WHAT THIS TASK INVOLVES: Copy out the data below from the line containing "Convite A white" to the line containing "Naklejka premium Two", both lines included, with all images left out.

SOURCE DATA:
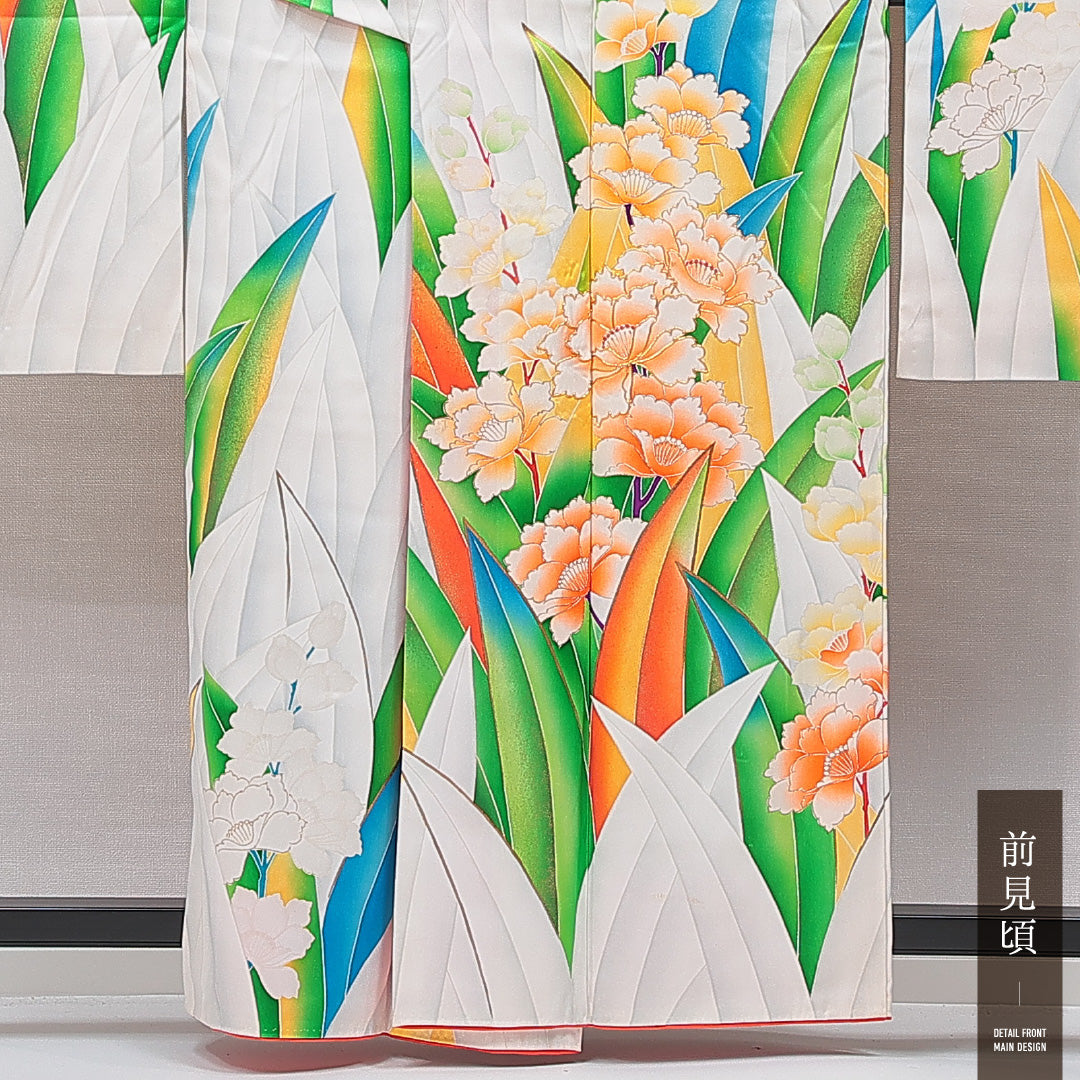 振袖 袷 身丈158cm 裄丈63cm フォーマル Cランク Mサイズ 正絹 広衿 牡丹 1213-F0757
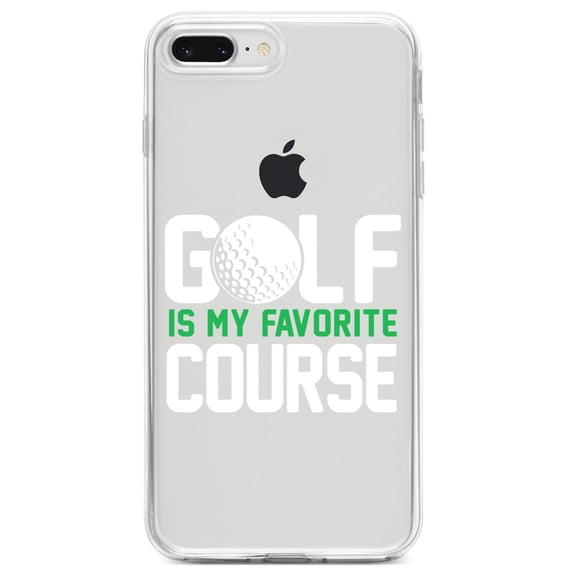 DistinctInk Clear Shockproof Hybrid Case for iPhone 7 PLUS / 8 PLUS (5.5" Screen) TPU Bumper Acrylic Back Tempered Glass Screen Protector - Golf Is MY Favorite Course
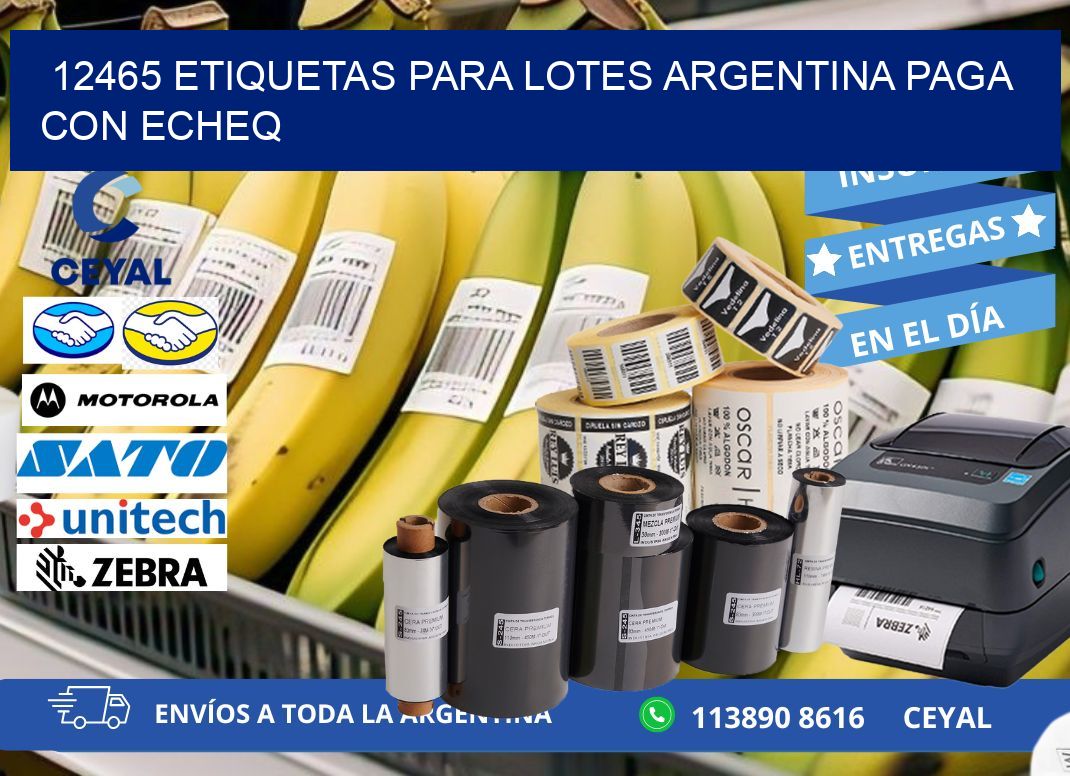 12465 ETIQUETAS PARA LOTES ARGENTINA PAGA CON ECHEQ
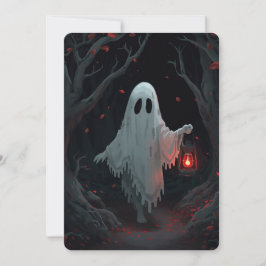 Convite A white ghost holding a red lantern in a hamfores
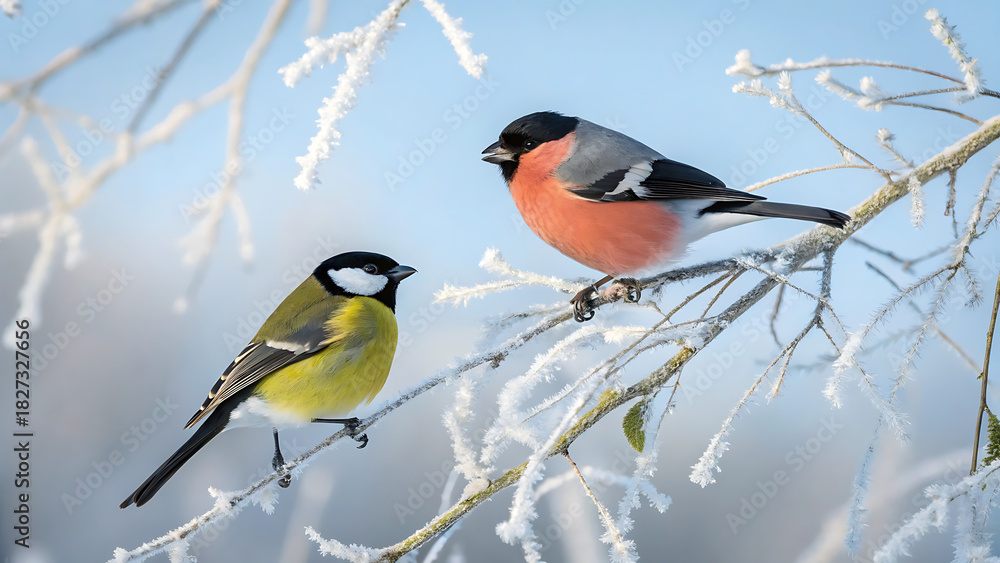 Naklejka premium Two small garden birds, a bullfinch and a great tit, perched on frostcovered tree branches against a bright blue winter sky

...

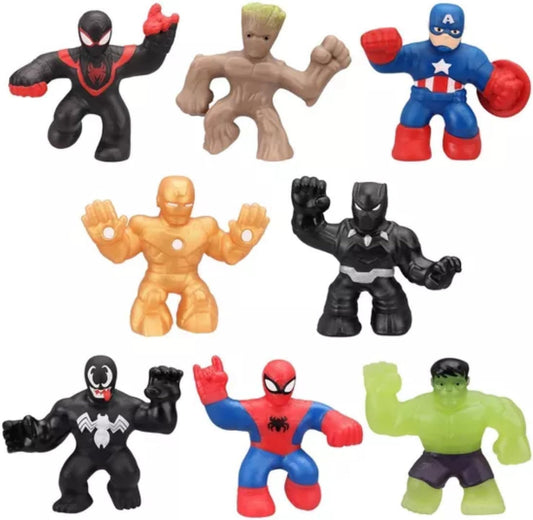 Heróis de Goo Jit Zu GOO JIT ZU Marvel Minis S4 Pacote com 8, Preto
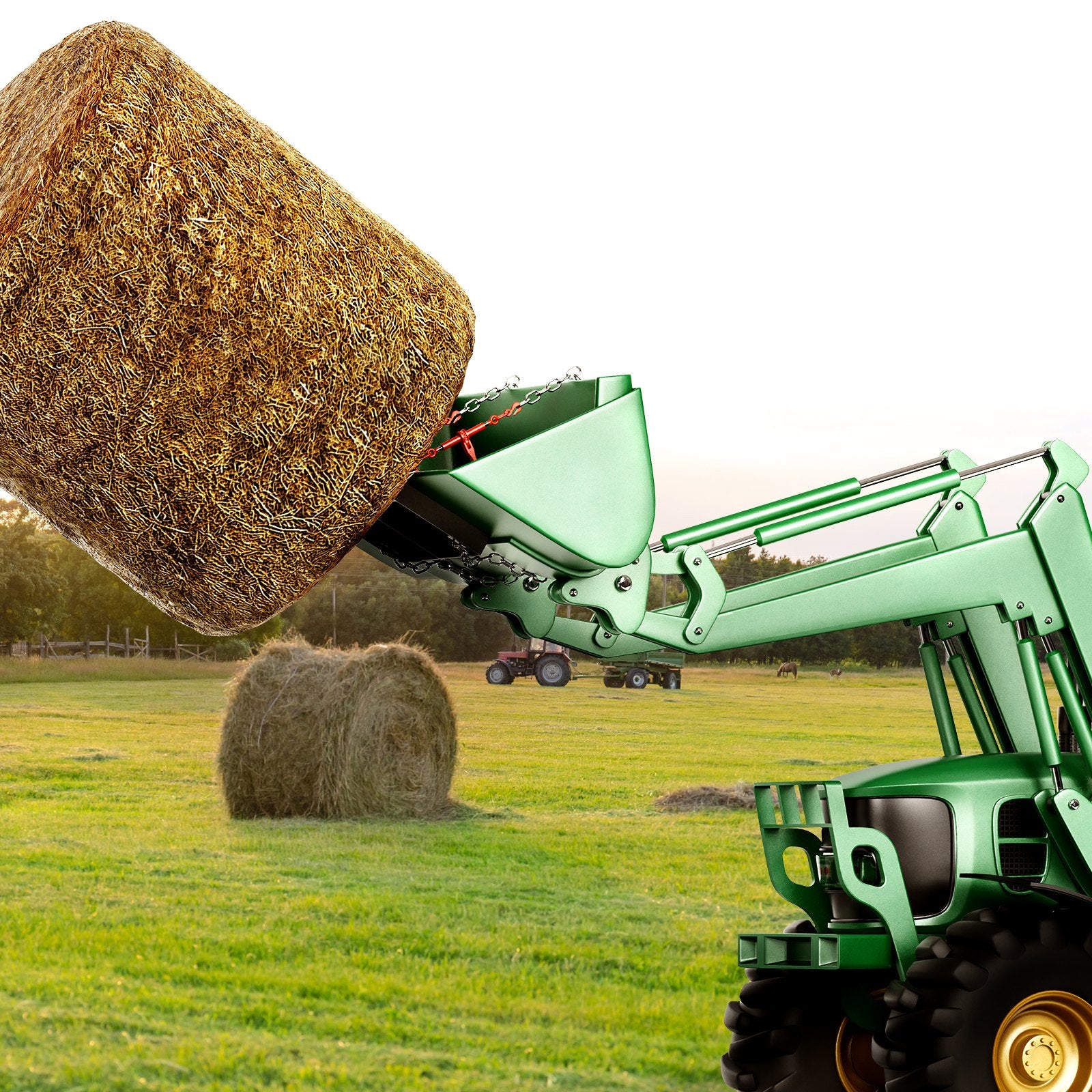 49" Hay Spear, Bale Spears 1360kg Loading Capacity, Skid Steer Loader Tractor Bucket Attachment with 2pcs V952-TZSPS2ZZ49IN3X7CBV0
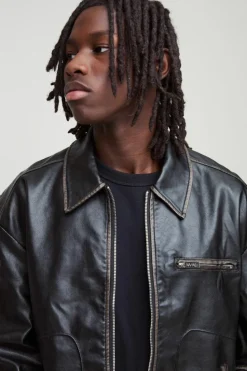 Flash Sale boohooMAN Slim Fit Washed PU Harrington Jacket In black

* * *

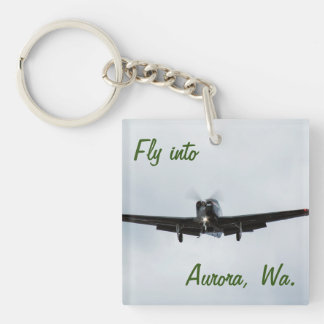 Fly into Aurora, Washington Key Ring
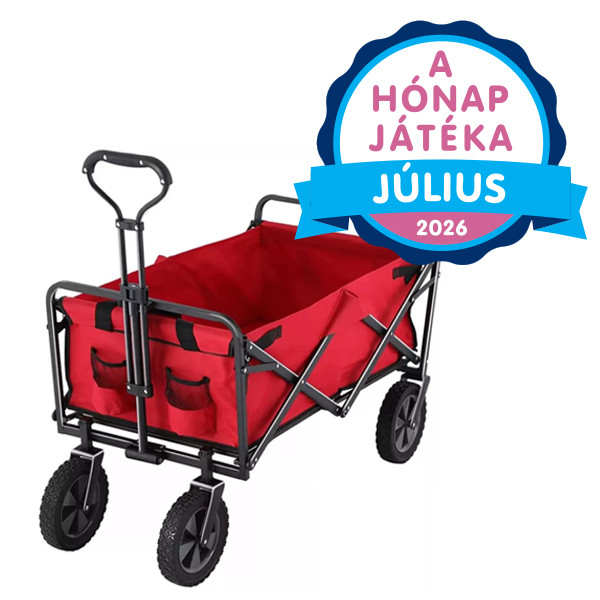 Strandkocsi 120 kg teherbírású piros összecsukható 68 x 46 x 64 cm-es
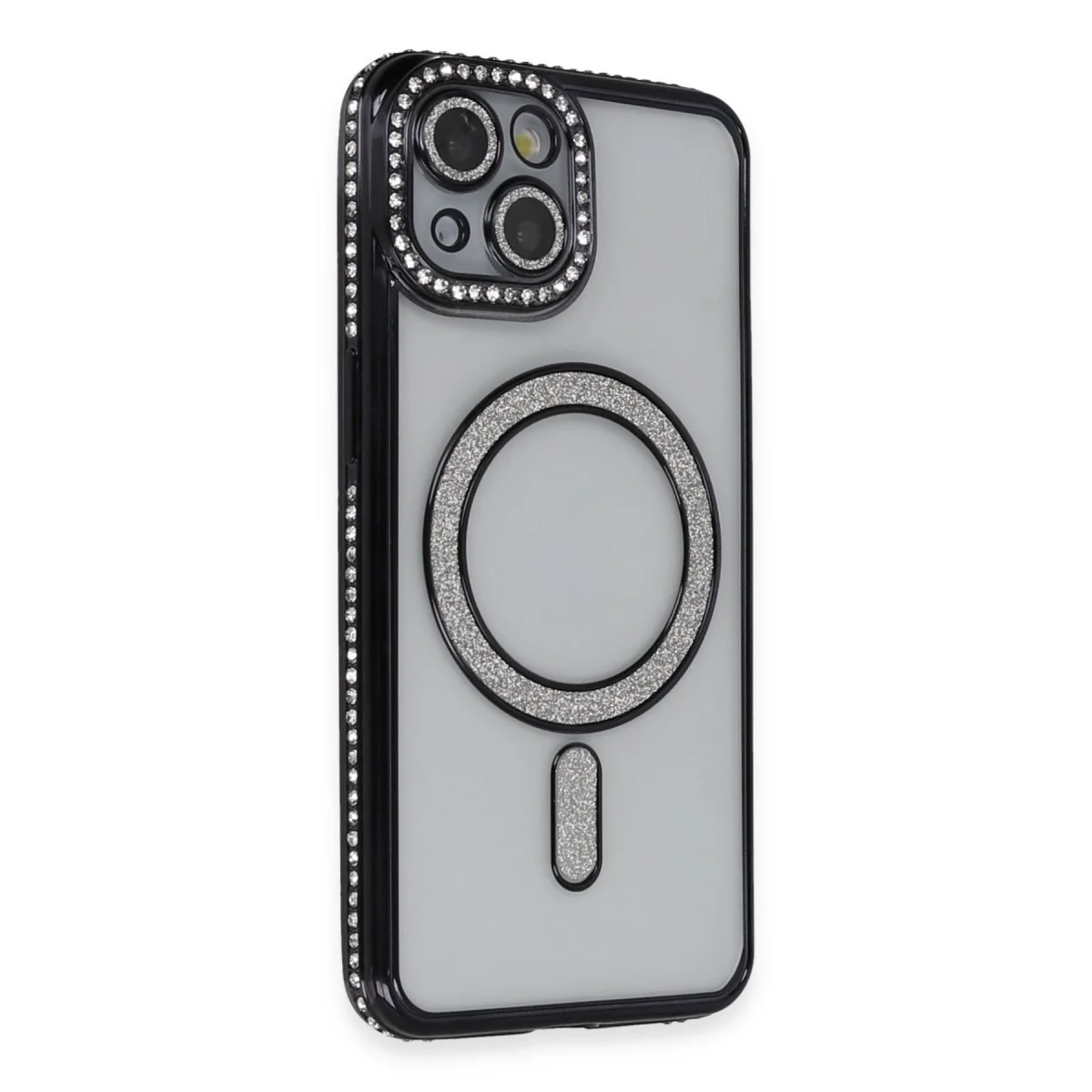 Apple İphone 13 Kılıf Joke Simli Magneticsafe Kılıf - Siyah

EXERCISE OUTPUT:
 Convite A white ghost holding a red lantern in a hamfores
 Naklejka premium Two small garden birds, a bullfinch and a great tit, perched on frostcovered tree branches against a bright blue winter sky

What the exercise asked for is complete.